Neighboring Colombia has accused Chavez of supporting the Narco-terrorist organization Revolutionary Armed Forces of Colombia (FARC) (search), which is at war with the Colombian government. Other neighbors make similar accusations against the self-proclaimed "revolutionary."

"When you have a government in Latin America that's not willing to call the guerrilla groups 'terrorists,' that can tell you the way this government is being run," said Chacao Mayor Leopoldo Lopez.

The Path to Dictatorship

Violence has marked each step along Chavez's road to power.

The former paratrooper first tried to seize control by a coup in 1992; he failed and instead spent two years in jail. He later tried democracy and was elected as an outsider by Venezuelans six years later.

Chavez's opponents admit he is popular, especially among the poor. But being popular, they say, does not give the president the right to do whatever he wants. The police, military and armed thugs have been tools used freely by Chavez to hang on to power during a coup attempt and a national strike in 2002.

Now, buoyed by electoral victories and high oil prices, Chavez appears to be doing everything he can to snuff out democracy before the eyes of a nation and a world that does not seem to be paying much attention.

"The danger that we are facing as Venezuelans is the possibility of waking up and not having any of our liberties," Lopez said.

Chavez has packed the Supreme Court and the army with his supporters, seized control of the country's wealth and introduced a penal code that criminalizes dissent. Anyone who opposes him faces violence or prison.

"I spent 20 days without looking at the sun, the air, the sky," said Capriles, the Baruta mayor who was once thrown into solitary confinement for opposing Chavez.

Pictures showing violence against anti-Chavez protestors no longer are allowed to be shown on public or private Venezuelan television; the government claims it's protecting children from scenes of violence.

"Our own journalists don't know whether they can show whatever it is they are trying to cover," said Ana Christina Nunez, legal counsel for Globovision, the country's only 24-hour news channel.

But Chavez's program, "Hello, President," sometimes runs for six hours.

War Against Landowners

Chavez also is contributing to a growing rift between peasants and large landowners in Venezuela and pushing the idea that anyone can grow what they want on someone else's land.

Nerio Arias has been trying to grow melons for a year in Las Vegas, Venezuela, on land that has belonged to a British company for a century.

Spurred on by Chavez, who has declared war on large landowners, more than 1,000 of Venezuela's urban poor have set up bamboo shacks on fields used to graze cattle in a massive land-grab effort so they can try to raise their own products for income. The cattle fields are part of a farm that serves as the country's largest meat producer.

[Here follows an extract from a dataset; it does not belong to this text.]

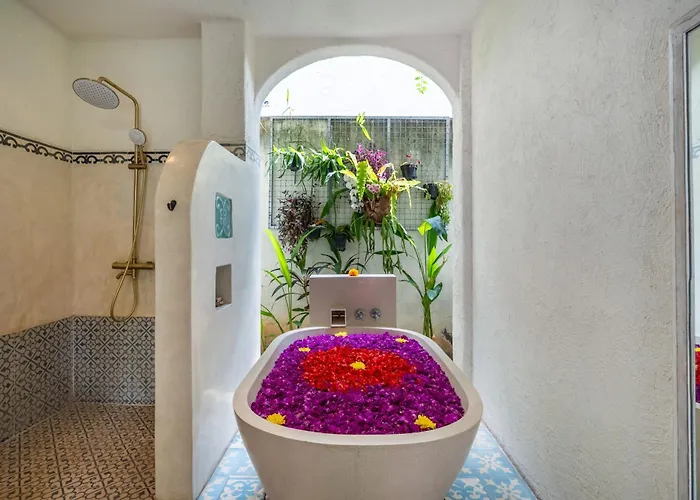 Tyche Luxury 4br Pool Walk To Double Six & Eat Street Villa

"Definitely it creates a climate of what is called legal insecurity," said Joaquin Roy, a professor at Miami University who said what's happening in Venezuela could be the first step of land takeovers that could threaten U.S. interests.

The cattle farm, however, is being threatened with bankruptcy and the farm manager has squatters moving into his backyard and doing what they want with the land.

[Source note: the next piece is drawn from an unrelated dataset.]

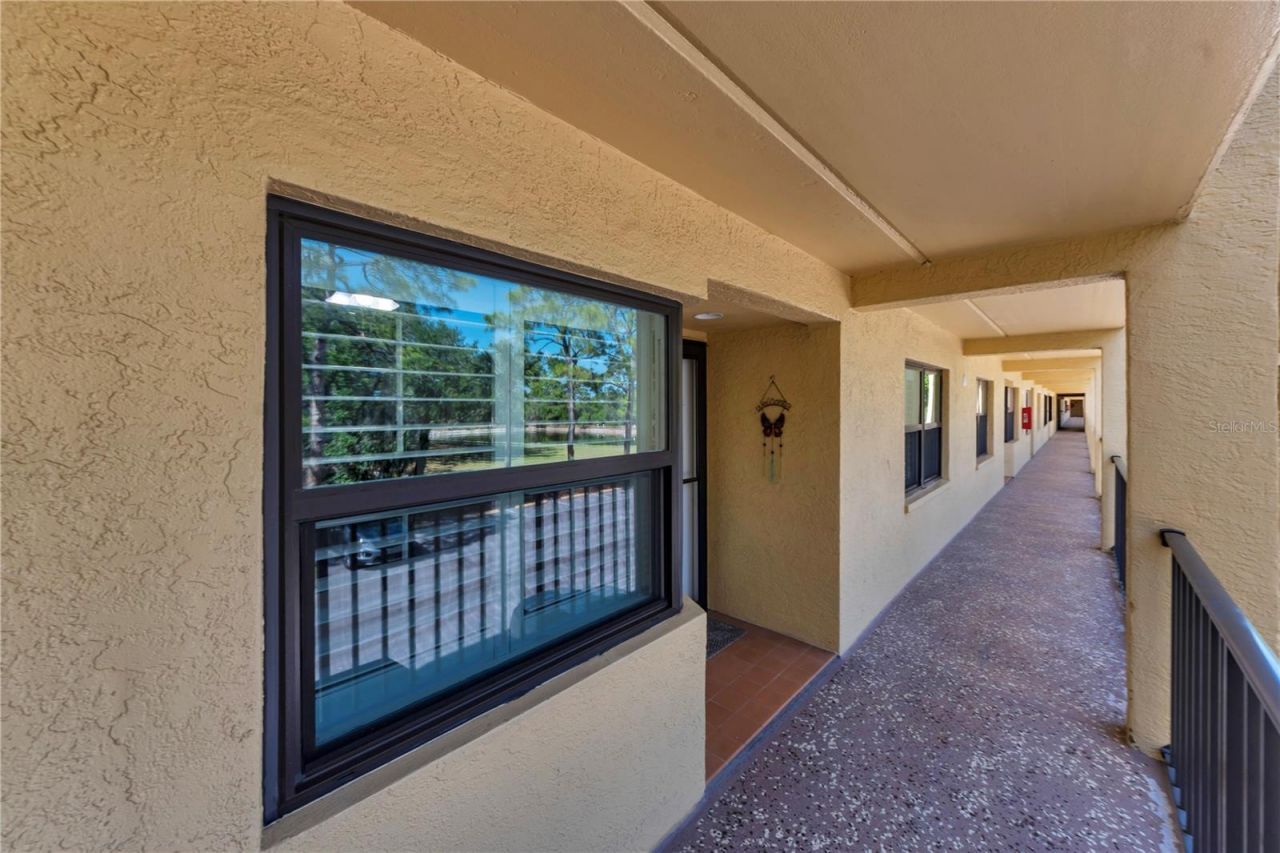 5849 Park St N, Unit 202, Saint Petersburg, FL 33709 Photo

"I live here with my family," manager Anthony Richards said. "This is our home. I've thought about moving my children out. It's in the back of my mind but I want to keep our family. I don't go around armed and I'm hoping people respect that."

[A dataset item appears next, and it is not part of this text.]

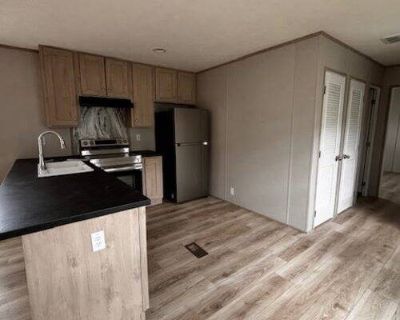 2 Bedroom 1BA 0 ft Pet-Friendly Mobile Home For Rent in Louisville, KY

The idea of poor people taking over private property and with the apparent help of local authorities is spreading fast across the country, which is making for some wary foreign investors.

It has already spread to some land belonging to a fence-making factory, where the rush is on to grab and build whatever you can while the rule of law has been suspended by Chavez.

Armed national guards have kept apart the landowners and peasants living on their land while a court controlled by the president determines whom the land belongs to. The law and what Chavez says are fast becoming one and the same in Venezuela.

"Chavez says I can have this land. Chavez says it's mine," said 75-year-old Arias.